- [TASK OBJECTIVE]
Restate word for word the lines of the entries below, starting with the line that holds "View of Residential" and ending with the line that holds "(FOCAC) Xi conversa com presidente senegalês", and no others.

- [DATA FOR PROCESSING]
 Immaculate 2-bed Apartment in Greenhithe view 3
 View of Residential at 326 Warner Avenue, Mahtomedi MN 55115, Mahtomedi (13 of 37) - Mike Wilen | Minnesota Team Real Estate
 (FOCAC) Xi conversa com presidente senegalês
==
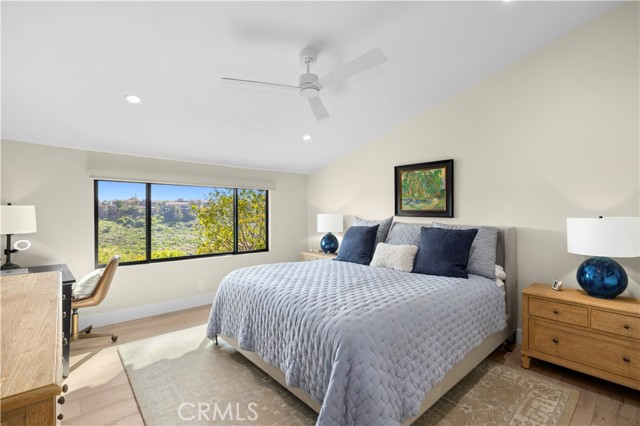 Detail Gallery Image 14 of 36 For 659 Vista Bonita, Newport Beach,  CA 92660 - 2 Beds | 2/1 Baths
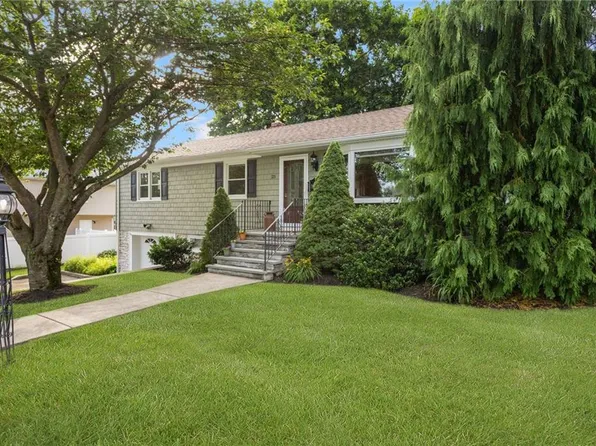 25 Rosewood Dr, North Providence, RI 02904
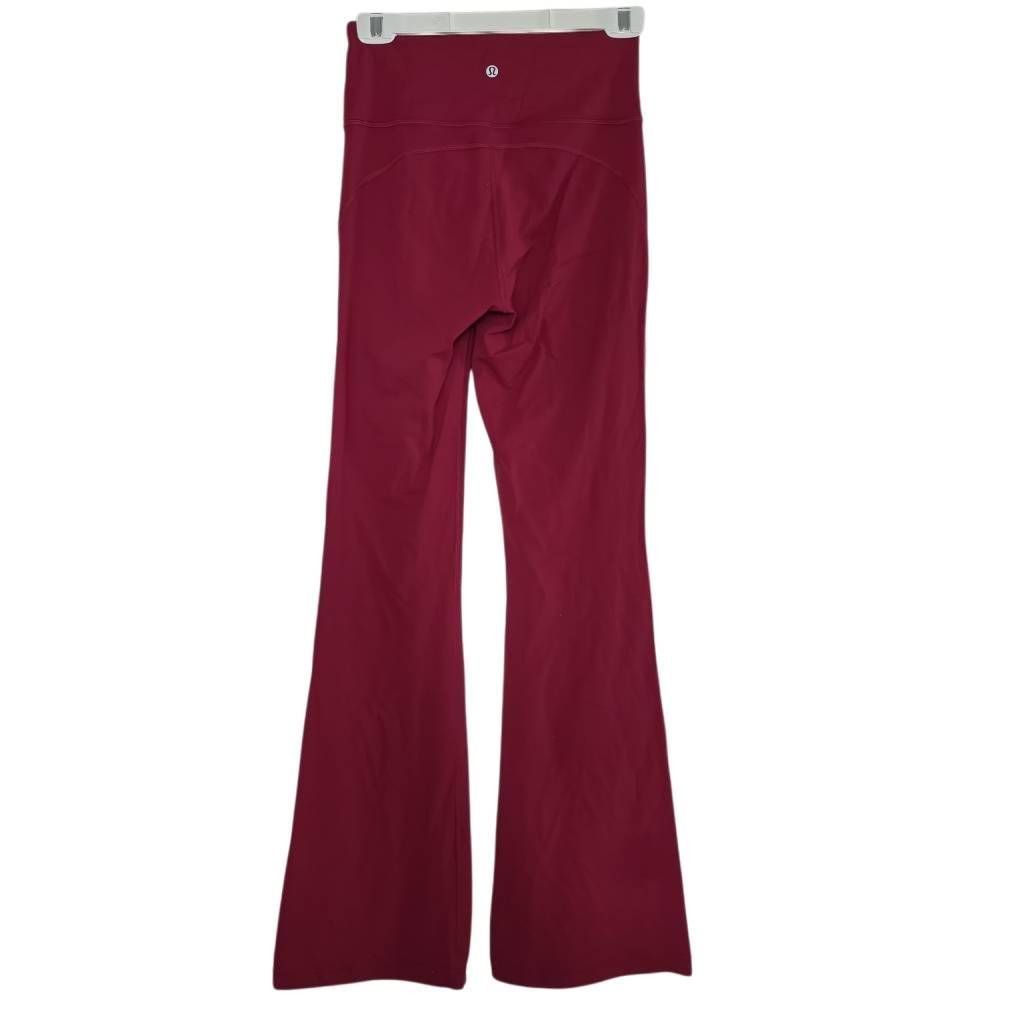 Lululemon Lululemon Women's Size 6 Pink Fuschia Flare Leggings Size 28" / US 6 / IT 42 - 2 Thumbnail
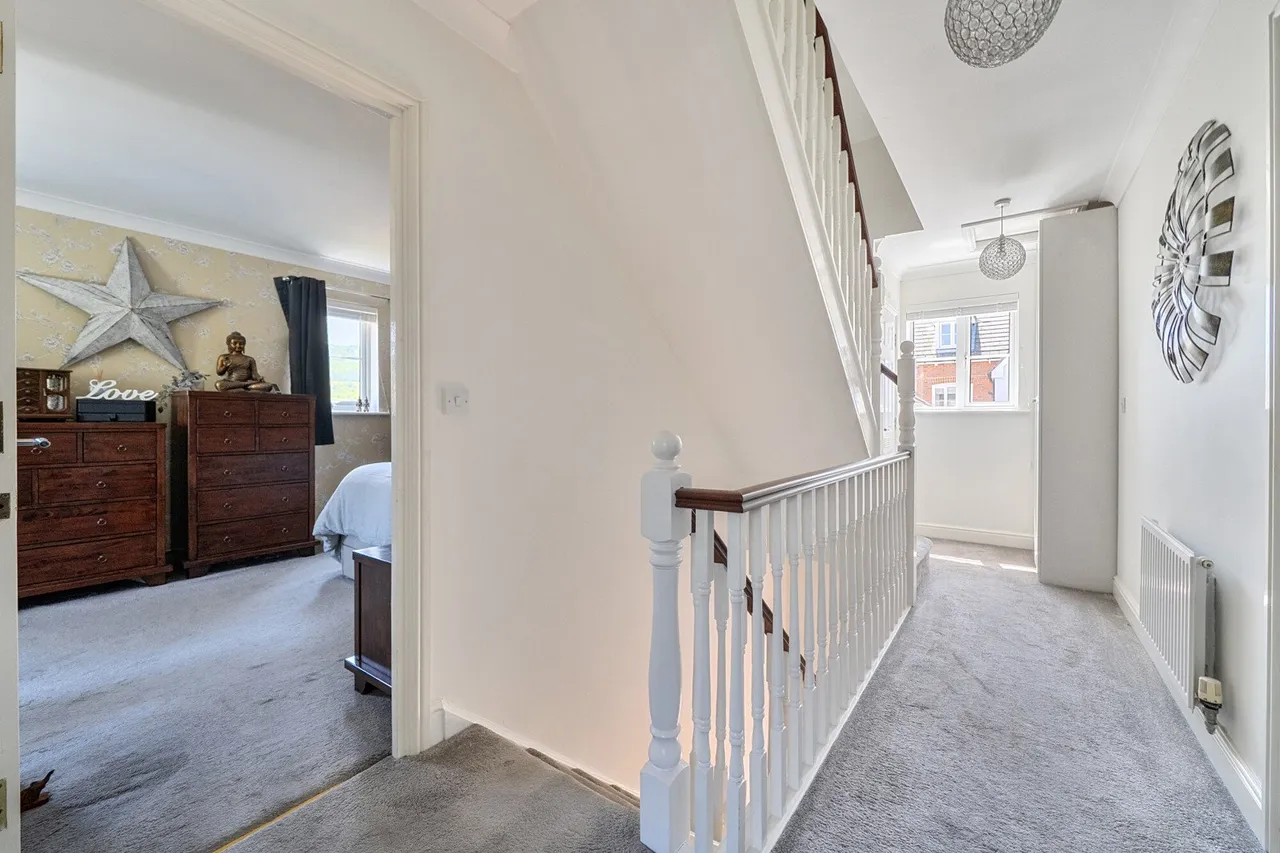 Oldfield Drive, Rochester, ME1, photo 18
...
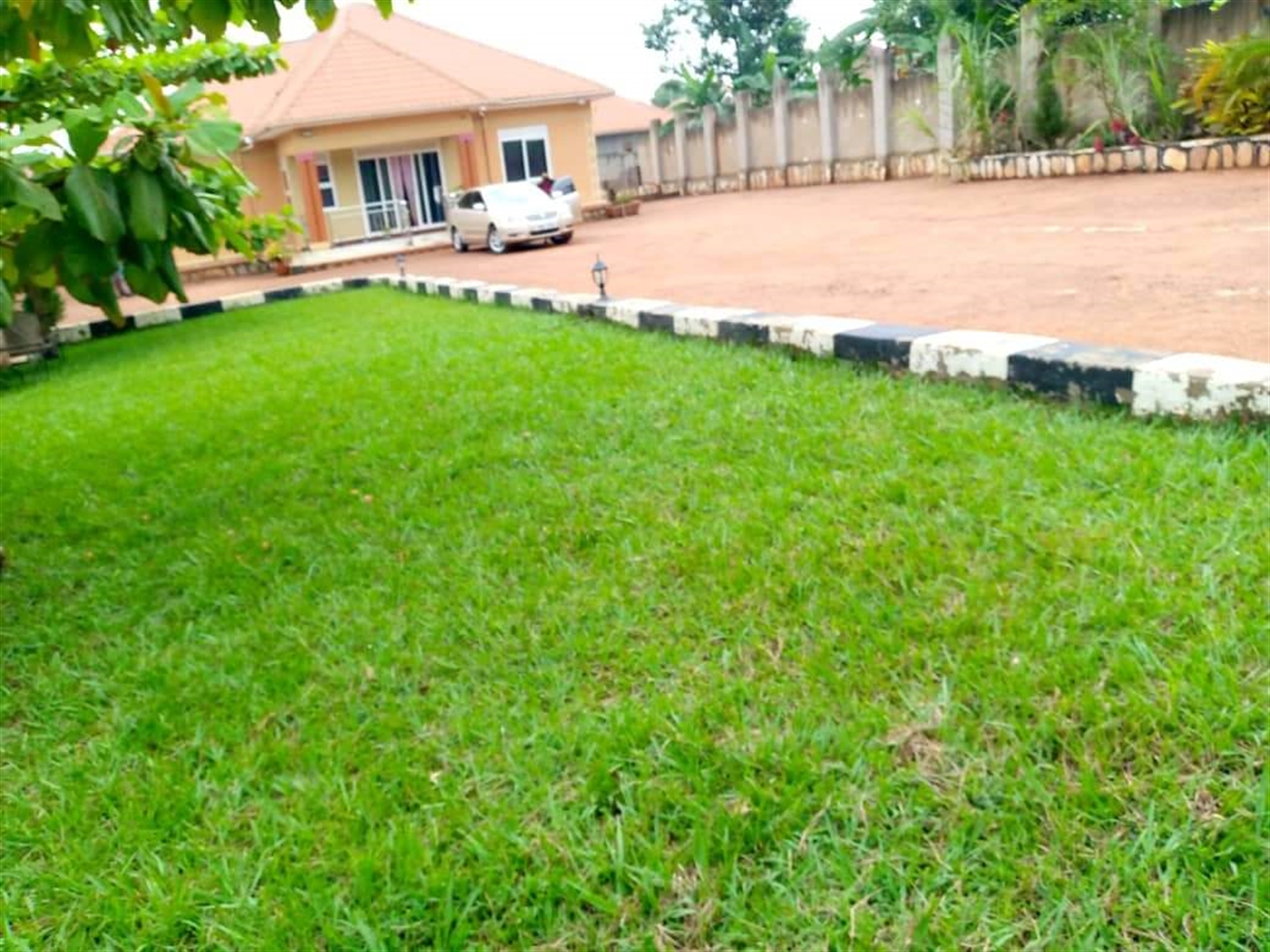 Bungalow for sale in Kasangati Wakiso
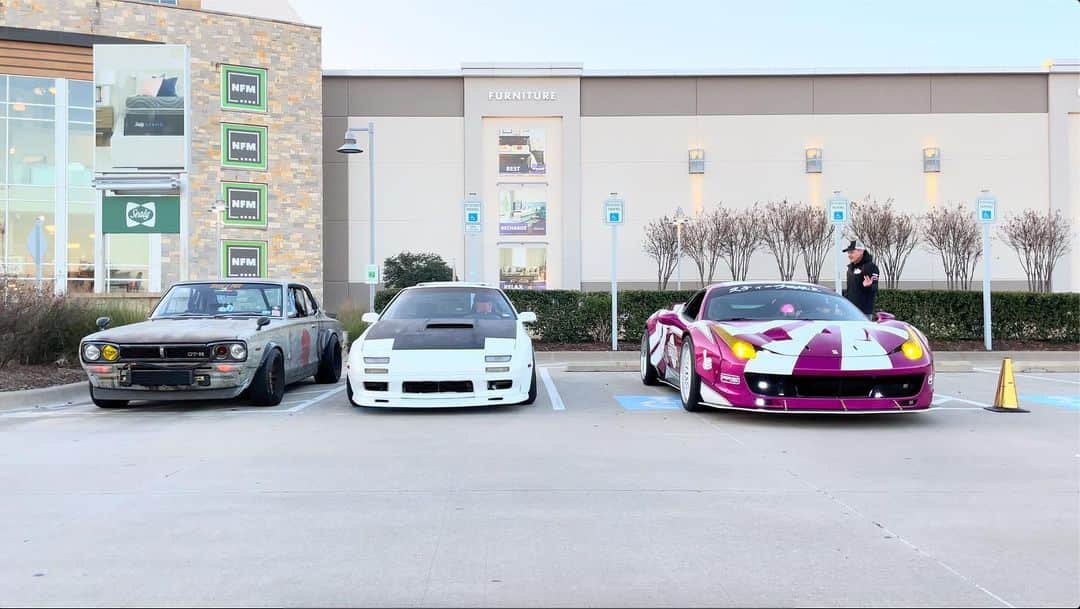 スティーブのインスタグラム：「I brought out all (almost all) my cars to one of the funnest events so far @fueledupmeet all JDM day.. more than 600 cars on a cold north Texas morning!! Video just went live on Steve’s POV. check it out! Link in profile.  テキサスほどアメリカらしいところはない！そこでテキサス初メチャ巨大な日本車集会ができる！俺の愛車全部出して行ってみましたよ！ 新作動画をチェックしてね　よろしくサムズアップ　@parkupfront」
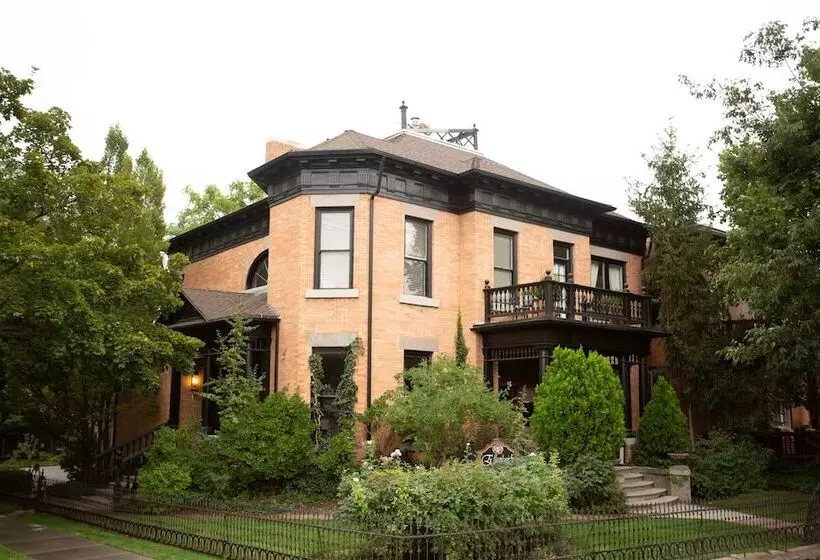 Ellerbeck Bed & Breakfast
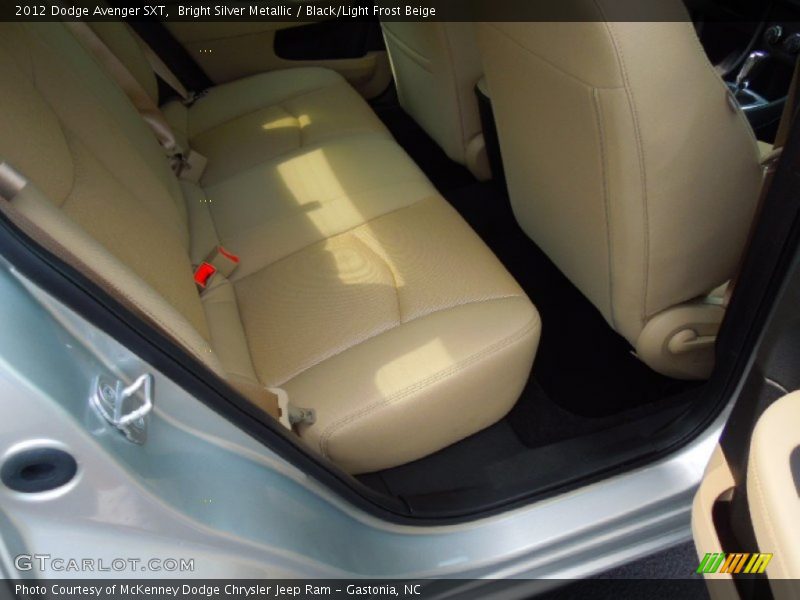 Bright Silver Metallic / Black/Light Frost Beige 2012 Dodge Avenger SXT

- [REPLY]
 View of Residential at 326 Warner Avenue, Mahtomedi MN 55115, Mahtomedi (13 of 37) - Mike Wilen | Minnesota Team Real Estate
 (FOCAC) Xi conversa com presidente senegalês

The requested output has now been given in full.